### TO DO
Below are entries with pictures in them. Output exactly the lines starting at the line with "free android app mp3 create app create app" and ending at the line with "Kerstsla Twigs - Scent", both included, but not the pictures.

### EXCERPTED RECORDS
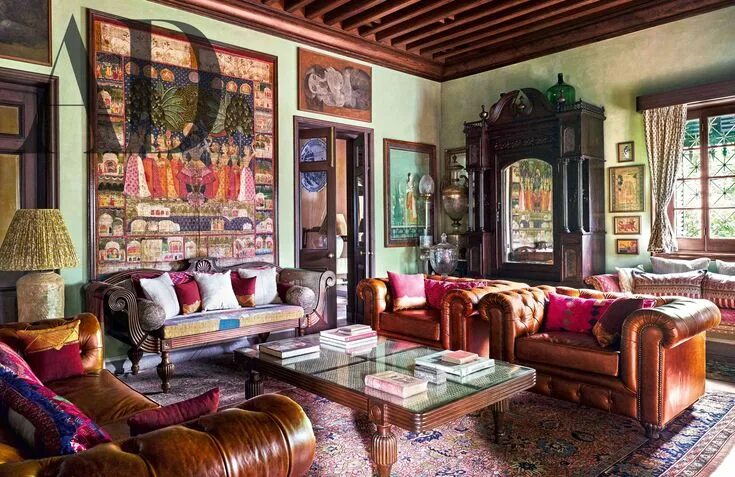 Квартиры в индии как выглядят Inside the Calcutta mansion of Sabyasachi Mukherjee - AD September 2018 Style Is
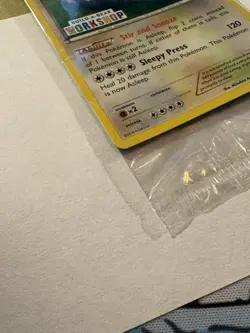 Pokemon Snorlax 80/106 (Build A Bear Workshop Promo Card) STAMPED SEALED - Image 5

...

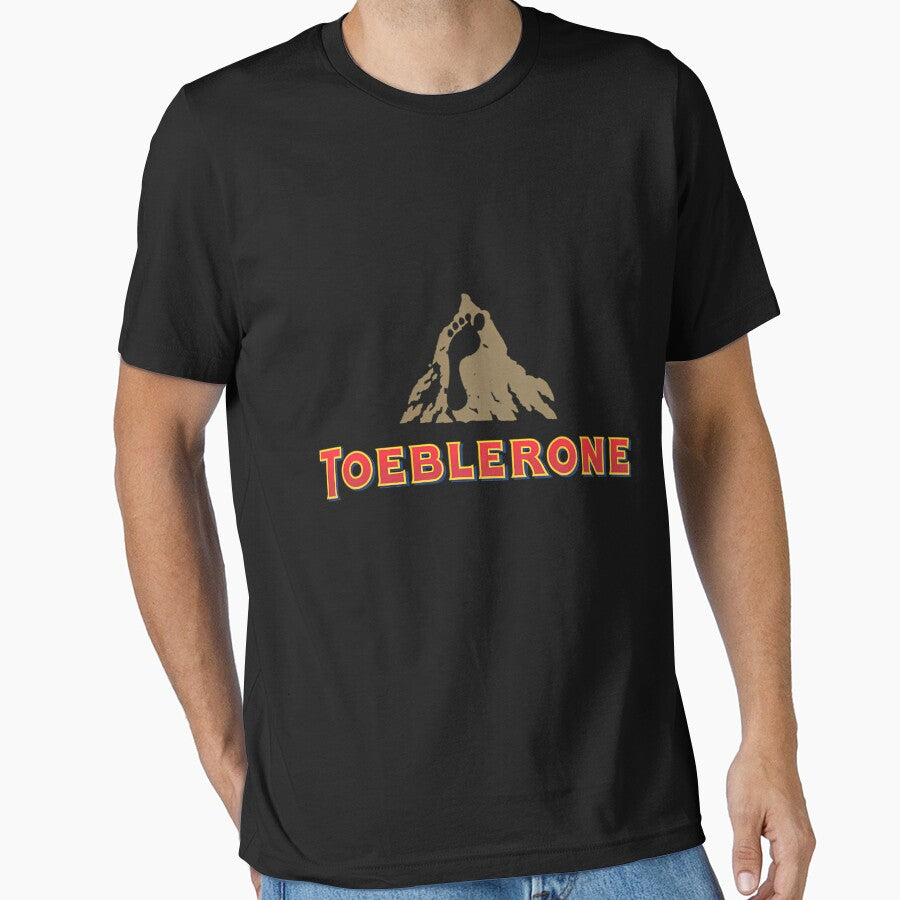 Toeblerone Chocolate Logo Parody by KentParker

---

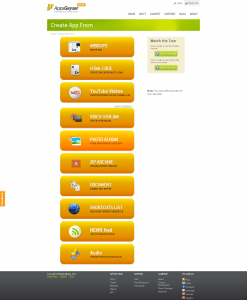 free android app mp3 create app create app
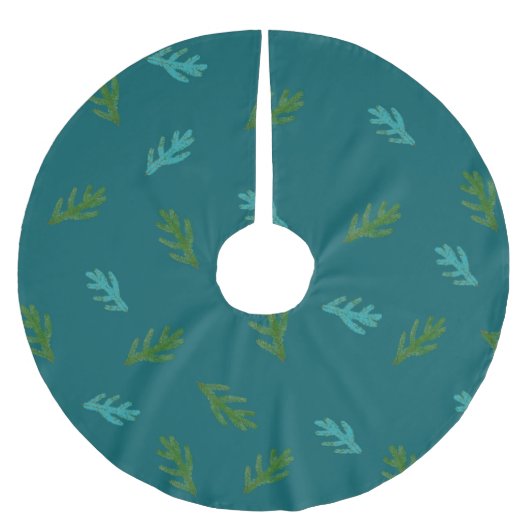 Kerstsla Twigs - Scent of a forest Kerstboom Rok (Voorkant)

### RESPONSE TO THIS EXERCISE
 free android app mp3 create app create app
 Kerstsla Twigs - Scent of a forest Kerstboom Rok (Voorkant)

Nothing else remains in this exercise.